Винсенто Бласко Ибаньес - Обнаженная Маха
Когда же Реновалес достиг триумфа и как знаменитый маэстро снова появился в тех салонах, где уже бывал в молодости, он сразу попал в сферу притяжения графини, которая играла там роль «интеллектуальной» дамы и имела обыкновение окружать себя знаменитыми мужчинами. Хосефина не захотела сопровождать мужа в этом его возвращении к высшему свету. Она чувствовала себя больной, и ей утомительно было ежедневно видеть прежних знакомых и бывать в прежних местах. Она даже не находила в себе сил поехать в какое-то путешествие, хотя врачи давно ей советовали это.
Графиня де Альберка привлекла Реновалеса в свою свиту и обижалась, если он не появлялся в ее доме в те вечера, когда она принимала друзей. Какая неблагодарность — ведь она пылкая поклонница его таланта! И ей так приятно показывать его подругам, как новое украшение! «Это художник Реновалес — знаменитый маэстро».
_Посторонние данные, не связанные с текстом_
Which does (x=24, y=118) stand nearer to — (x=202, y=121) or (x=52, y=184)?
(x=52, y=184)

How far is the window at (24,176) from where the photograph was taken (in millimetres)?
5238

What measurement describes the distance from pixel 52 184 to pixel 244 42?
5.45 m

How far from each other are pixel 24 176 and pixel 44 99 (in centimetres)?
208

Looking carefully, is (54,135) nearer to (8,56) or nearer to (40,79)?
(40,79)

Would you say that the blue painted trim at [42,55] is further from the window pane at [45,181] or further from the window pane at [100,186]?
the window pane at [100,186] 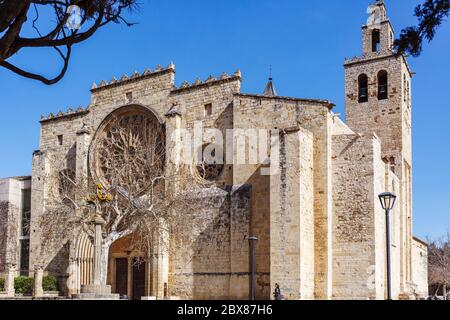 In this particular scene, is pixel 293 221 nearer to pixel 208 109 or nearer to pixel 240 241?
pixel 240 241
В один из таких вечеров к художнику подошел граф с выражением человека, утомленного от бесчисленных почестей, какими его отмечали на этом свете.
— Конча хочет иметь свой портрет вашей работы, а я ни в чем не хочу ей отказывать. Назначьте день, когда вы сможете начать. Сама она робеет обращаться к вам с такой просьбой и поручила мне выполнить эту миссию. Я уже знаю, сколько вы берете за работу. Сделайте хороший портрет... Чтобы она осталась довольна...
Заметив, что Реновалес раздражен его бесцеремонностью, граф, этот великий господин, сделал протестующий жест рукой и добавил, словно проявлял особую благосклонность к художнику:
— Если сумеете угодить Конче, то и я, пожалуй, решусь заказать вам свой портрет. В ближайшее время я жду вручения мне Большой хризантемы Японии. В правительстве обещают, что орден вот-вот поступит.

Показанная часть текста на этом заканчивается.